A brain synaptic dopamine-binding protein: Isolation and partial characterization

Abstract

A dopamine‐binding protein (DABP) has been purified from the rat brain cortex to homogeneity. Solubilization of the DABP from the synaptosomal membranes (P_2M) by cholic acid, subsequent agarose gel filtration of the cholic acid extract to separate phospholipids from the DABP, and lastly DA affinity chromatography successfully resulted in a purified DABP with approximately 0.006% yield in protein concentration and 0.03% yield in specific [³H]‐DA binding. The specific [³H]‐DA binding of the purified DABP was 117 fmol/mg protein/10 min with a 4.6‐fold purification compared with the whole homogenate.

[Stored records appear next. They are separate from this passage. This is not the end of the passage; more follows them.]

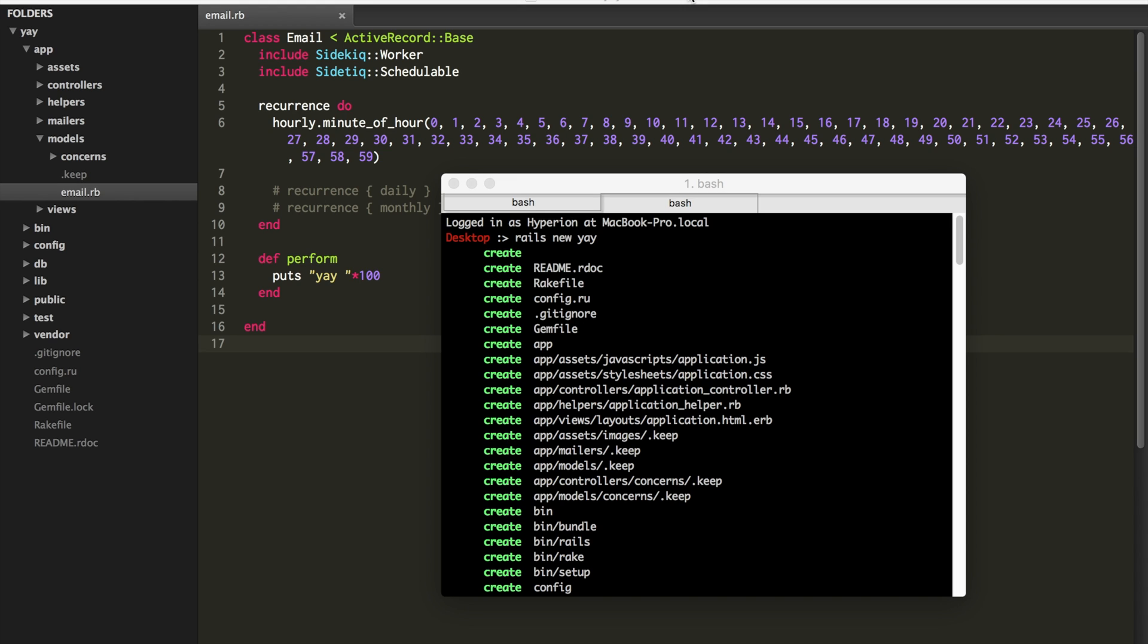Rails has things like ActiveJob, Rescue, and a whole bunch of other utilities for defining tasks that have to be run in the background on a regular basis.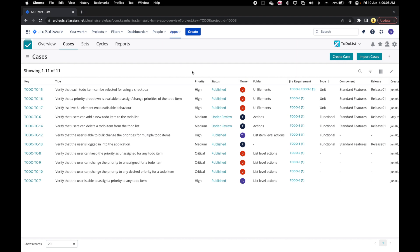As the application grows, there can be thousands of test cases. Let's now have a look at how we can use filters in search to see only relevant cases that we want to work with.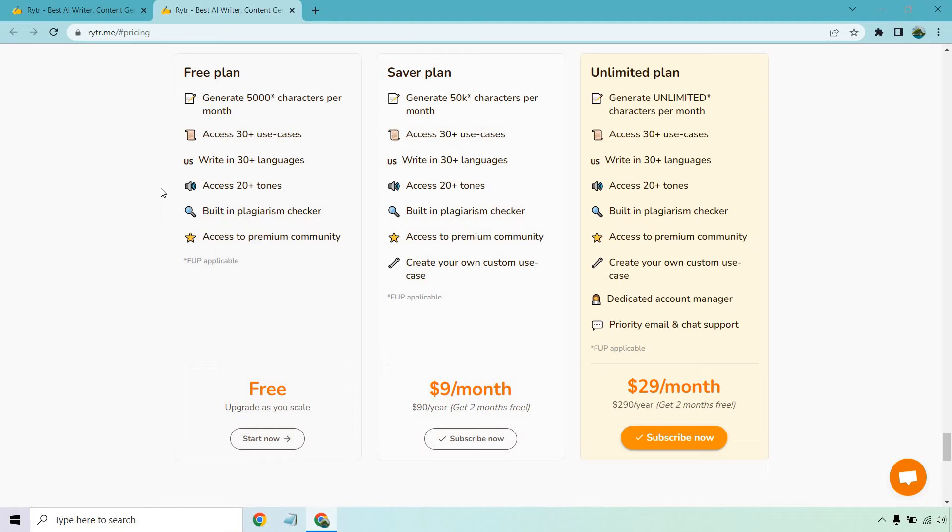You can access 20 plus tones. For example, that could be enthusiastic, it could be horrifying, it could be funny, inspirational, different types of tones that you can use for your tone of voice, so to speak.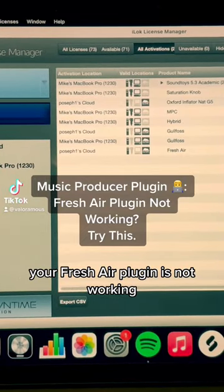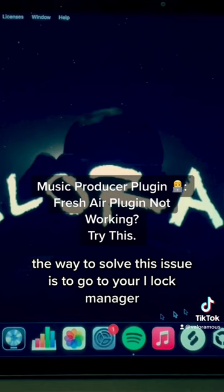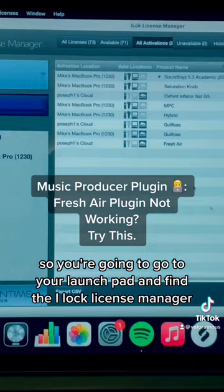If your Fresh Air plugin is not working, the way to solve this issue is to go to your iLok Manager. Go to your Launchpad and find the iLok License Manager. This iLok License Manager is where you have all of your plugins.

The purified DABP had an R_f value of 0.67 on native disk polyacrylamide gel and it gave one single polypeptide subunit on the SDS gel with an R_f value of 0.63. The apparent molecular weight of this single subunit was estimated to be 34.5 kilodaltons. The elution patterns from either DA‐ or ADTN‐affinity (2‐amino‐6, 7‐dihydroxy‐1,2,3,4‐tetrahydronaphthalene‐affinity) columns indicated that this DABP had higher affinity for DA agonists than for DA antagonists. Photoaffinity labeling of [³H]‐DA to this DABP in the P_2M fraction and the specific [³H]‐DA to the purified DABP demonstrated a nanomolar range affinity corresponding to either D₂ or D₃ receptors. These data suggested that the purified DABP could be related to either D₂ or D₃ receptors in the brain.